• [Work task]:
Copy the listing exactly, please, and keep every picture out of it.

• [Data below]:
»»

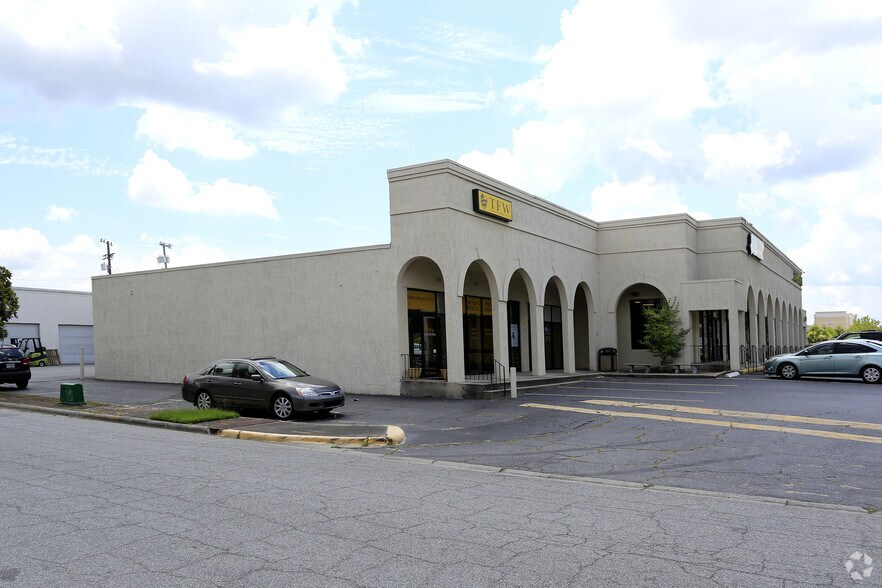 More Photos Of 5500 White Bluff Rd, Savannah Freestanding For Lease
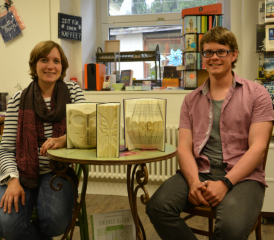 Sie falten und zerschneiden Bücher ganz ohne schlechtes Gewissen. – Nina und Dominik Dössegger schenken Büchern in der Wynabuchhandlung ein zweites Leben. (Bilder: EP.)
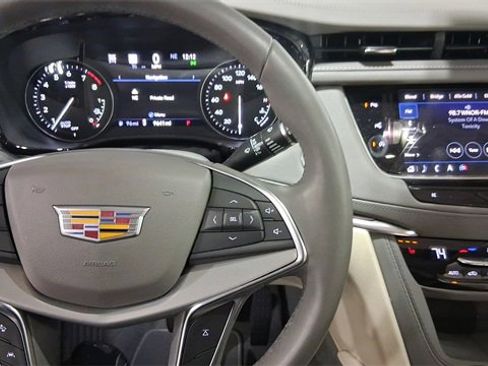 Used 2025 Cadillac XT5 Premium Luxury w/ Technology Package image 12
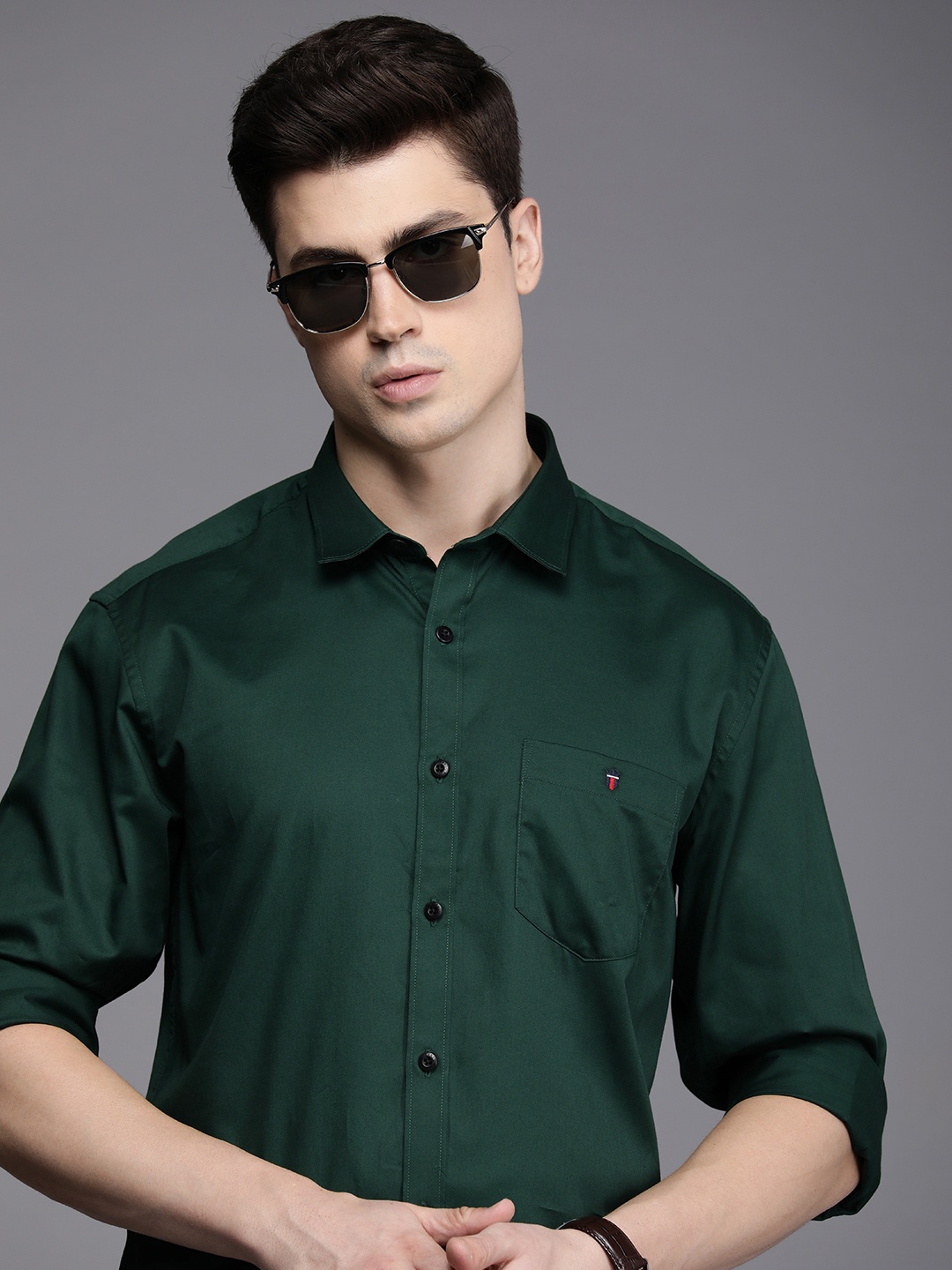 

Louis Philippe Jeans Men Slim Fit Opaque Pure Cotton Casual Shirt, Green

««

• [Result]:
 More Photos Of 5500 White Bluff Rd, Savannah Freestanding For Lease
 Sie falten und zerschneiden Bücher ganz ohne schlechtes Gewissen. – Nina und Dominik Dössegger schenken Büchern in der Wynabuchhandlung ein zweites Leben. (Bilder: EP.)
 Used 2025 Cadillac XT5 Premium Luxury w/ Technology Package image 12

Louis Philippe Jeans Men Slim Fit Opaque Pure Cotton Casual Shirt, Green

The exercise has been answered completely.